Friday, January 7, 2005

JEFFERSON CITY, Mo. -- Former senator Ken Jacob, whose appointment to the state labor commission created a political firestorm, has left government to become executive director of one of the largest labor unions for state employees.

Jacob said Thursday that he resigned as chairman of the Labor and Industrial Relations Commission because Republican governor-elect Matt Blunt had pledged during the campaign to remove Jacob from the position.

Blunt is to be sworn in Monday as governor. Jacob resigned Tuesday and went to work Wednesday as executive director of the Missouri and Kansas chapter of the American Federation of State, County and Municipal Employees.

"It was a job that I wanted to stay at and would have been content to stay at," Jacob said. "However, the day that I took the post, governor-elect Blunt announced, if elected, he's history. I took his word for it."

Jacob, then the Senate Democratic leader, lost a primary for lieutenant governor Aug. 3 and soon thereafter was appointed by Democratic Gov. Bob Holden -- who also lost in the primary -- to the state labor commission.

The appointment boosted Jacob's eventual state pension by nearly $19,000 a year, because his 22 years of legislative service counted toward the more lucrative pension system available to administrative law judges.

The three-member labor commission hears appeals on such things as workers' compensation, unemployment compensation and crime victims' compensation cases. The chairmanship, which Jacob held, is designated to represent the public's interest while the other two positions are designated to represent labor and business interests.

Blunt contends Jacob -- an ardent labor supporter in the legislature -- wasn't qualified to be chairman.

Blunt and some lawmakers have called for changes to retirement laws to prevent the instant pension boosts enjoyed by Jacob and other officials who have served only briefly on the commission.

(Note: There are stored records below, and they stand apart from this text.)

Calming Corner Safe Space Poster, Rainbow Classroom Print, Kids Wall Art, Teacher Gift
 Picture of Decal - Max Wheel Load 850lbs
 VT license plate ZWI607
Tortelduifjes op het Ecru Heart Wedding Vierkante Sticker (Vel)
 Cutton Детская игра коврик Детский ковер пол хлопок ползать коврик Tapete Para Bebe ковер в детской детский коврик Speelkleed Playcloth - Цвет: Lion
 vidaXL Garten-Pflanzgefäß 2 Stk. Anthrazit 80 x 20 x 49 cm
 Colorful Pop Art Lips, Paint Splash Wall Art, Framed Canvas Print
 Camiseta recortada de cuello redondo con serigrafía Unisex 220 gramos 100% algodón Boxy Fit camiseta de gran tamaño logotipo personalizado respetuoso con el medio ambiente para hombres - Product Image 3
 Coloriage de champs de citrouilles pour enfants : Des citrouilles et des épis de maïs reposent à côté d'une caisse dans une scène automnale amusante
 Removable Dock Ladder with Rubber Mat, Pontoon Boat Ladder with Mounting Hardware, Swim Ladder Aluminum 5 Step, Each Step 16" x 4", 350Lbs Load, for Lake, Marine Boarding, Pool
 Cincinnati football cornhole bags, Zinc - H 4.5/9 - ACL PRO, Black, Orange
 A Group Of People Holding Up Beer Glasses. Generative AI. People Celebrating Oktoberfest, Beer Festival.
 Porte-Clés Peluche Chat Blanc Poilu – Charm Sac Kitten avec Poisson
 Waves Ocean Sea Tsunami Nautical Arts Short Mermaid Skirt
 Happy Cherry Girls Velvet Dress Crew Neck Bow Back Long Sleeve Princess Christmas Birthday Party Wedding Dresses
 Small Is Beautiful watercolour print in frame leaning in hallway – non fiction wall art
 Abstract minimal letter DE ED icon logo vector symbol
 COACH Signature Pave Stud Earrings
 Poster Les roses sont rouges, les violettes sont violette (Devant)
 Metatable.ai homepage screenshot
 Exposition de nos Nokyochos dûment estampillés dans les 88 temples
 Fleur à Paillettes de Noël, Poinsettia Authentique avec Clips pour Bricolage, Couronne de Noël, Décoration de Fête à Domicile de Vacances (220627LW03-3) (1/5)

Blunt said Jacob's new union job shows he never should have been appointed to the commission.

"It is compelling evidence -- just as his prior history -- that he wasn't a good person to serve as a neutral chairman of the commission," Blunt said Thursday.

Jacob said Blunt never gave him a chance.

The two may clash again in their new roles.

As one of his first acts as governor, Blunt intends to rescind Holden's executive order broadening powers for state employee unions and allowing fees to be deducted from the paychecks of some employees who aren't union members.

Contracts negotiated by AFSCME include provisions for the fees. The union already has sued once as part of an effort to collect the fees and may renew its challenge after Blunt becomes governor.